Shares of Nvidia NVDA gained about 1.5% on Friday, extending the red-hot stock’s impressive run and lifting its three-month gains to over 25%. The Wall Street darling remains a dominant player in the gaming industry, but its ongoing rise to the top of the technology sector comes on the back of tireless advancements in autonomous driving, machine learning, and artificial intelligence.
Nvidia’s investments in these budding industries have also been paying off in the form of rapid earnings and revenue improvement, with the graphics-chip maker notching adjusted EPS expansion of 61% and sales growth of 41% in its most recent fiscal year.
One of the company’s main growth drivers has been its Datacenter segment, which includes its AI-powered DGX and Tesla products. In the latest full quarter, Nvidia witnessed Datacenter revenues of $606 million, up about 105% year over year.
But this surge has, at times, allowed Nvidia’s valuation to skyrocket into speculative growth stock territory, leading some cautious investors to declare it a bubble that is doomed to burst at the first sign of trouble.
With that said, I want to show one NVDA chart that I think every investor needs to see—regardless of whether you are bullish or bearish on the company’s future.
Here’s how Nvidia’s Forward P/E currently stacks up against its peer group:
This is obviously a diverse group of stocks, with some serving as direct competitors to Nvidia in certain key businesses—and others focusing on different markets entirely. This group is not perfect for direct comparisons, but it does help show how investors value other companies in the evolving semiconductor industry.
There are at least a couple of observations to make here. First, NVDA is trading with its lowest Forward P/E in nearly a year. For Nvidia bulls, this is probably a reason to buy even more. In the several quarters since the stock was previously trading at these levels, the company has done nothing but prove its insane growth and potential.
And of course, we can see that Nvidia is trading at a significant premium to its peer group. This is where investors really need to step back and ask themselves one major question: What exactly is Nvidia doing that warrants this type of valuation?
To many, the answer is pretty clear.

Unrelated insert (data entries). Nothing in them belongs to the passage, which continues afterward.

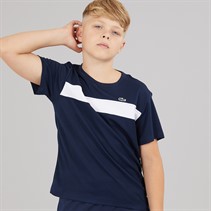 Lacoste Boys Stripe Croc T-Shirt Marine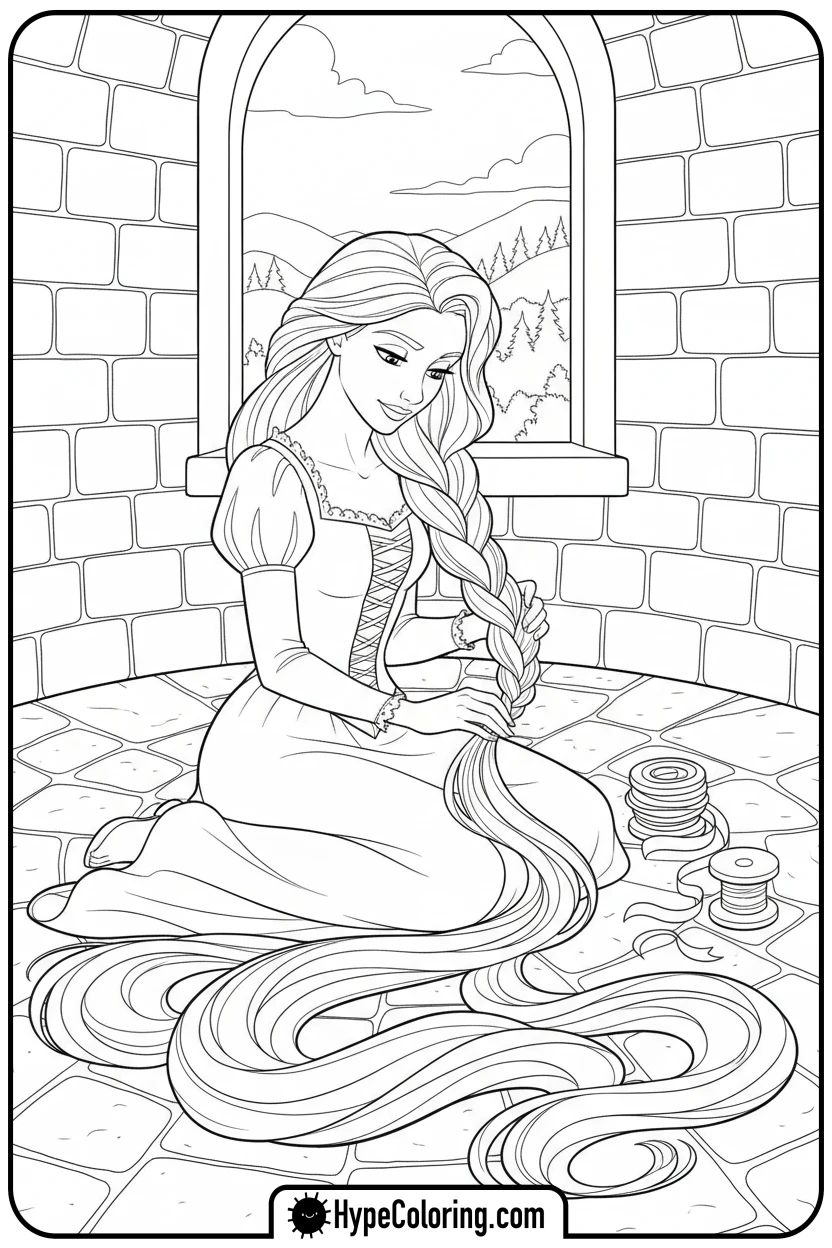 rapunzel-braiding-her-long-hair - rapunzel coloring pages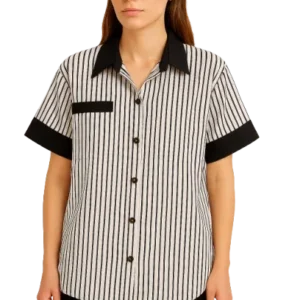 striped contrast collar shirt for women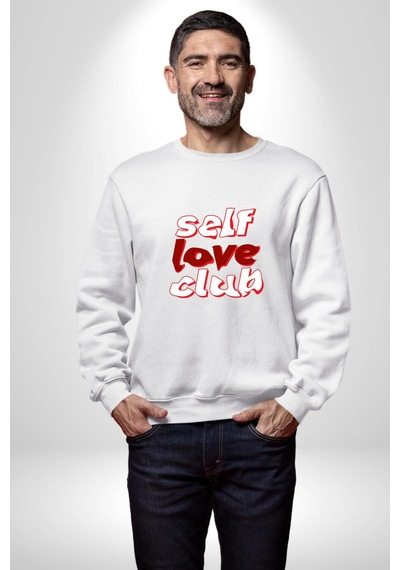 Kendini Sevme Kulübü Sokak Stili Unisex Beyaz Sweatshirt Beyaz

Nvidia is on the cutting edge of the artificial intelligence industry, which should put it in a leadership position in a budding market that promises to change the nature of humanity forever (also read: Two "Artificial Intelligence" Stocks You Should Buy Right Now).
Its products are also the go-to hardware for smart vehicle manufacturers, who need Nvidia’s top-of-the-line technology to power advanced in-car systems. Meanwhile, Nvidia GPUs are the top choice among serious PC gamers, which continues to be a strong core business for the company.
Moreover, Nvidia has been identified as a strong option by our proven Zacks Rank system. Our model places an emphasis on earnings estimates and positive estimate revisions, and ever-improving analyst sentiment surrounding NVDA helps the stock earn our top mark.
Over the past 30 days, the Zacks Consensus Estimate for Nvidia’s full-year earnings has gained a staggering $1.54, indicating that analysts are struggling to keep up with the company’s lightning-fast growth. Thanks to this revision activity, NVDA is sporting a Zacks Rank #1 (Strong).
Nvidia is an expensive stock. But investors simply have to pay a premium for a company of this quality right now. NVDA is poised to outperform the market over the next one to three months, and it is on track to be a dominant tech powerhouse for years to come.